The area where the tigers are roaming around is quite close to where a tribal hunting party killed a Bengal tiger in Lalgarh on March 2018, the forest official said.

Wildlife activists are worried about the safety of the tigress and its cub. The inexperience of local foresters is a challenge, a senior forest official said.

The forests of the western districts of Bengal are mostly inhabited by elephants and the villagers and forest guards are trained in handling pachyderms, not big cats.

A team of officers from the Sunderbans, equipped with tranquillising guns, is camping in the area.

A villager at Patharchabi, near Binpur in Jhargram, claimed to have spotted a tiger cub at his home on Tuesday morning. “It was extremely foggy and I saw what looked like a tiger cub near my chicken shed.
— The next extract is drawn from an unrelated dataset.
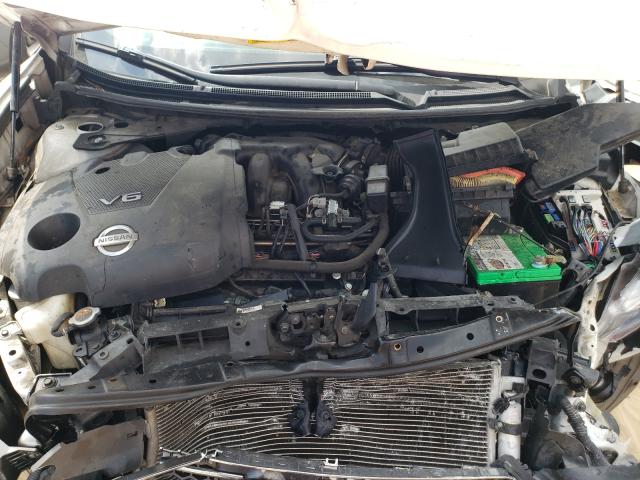 Photo 6 VIN: 1N4AA5AP3BC824964 - NISSAN MAXIMA S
I was scared and threw a stone at it after which it slinked away,” Rabindranath Pramanik told Metro.

Officials said it was likely that the tiger had gone there to make a kill and was lured in by the chicken coop.

A female tiger with a cub is extremely protective and can be quite aggressive as well, the official said.

Forest officials came across the carcass of a goat on Monday.

Another officer said a bus driver had spotted a tiger at a turning on the road that leads to Kuldiha from Belpahari. “The driver told us that he saw the tiger around 5.45pm and that it leapt into the bushes the moment it saw the approaching bus,” said the officer.

A senior forest official said the tigers could have come from the forests of Jharkhand. “The natural instinct would be to go back to the Jharkhand forests and we are trying to ensure their safe passage.”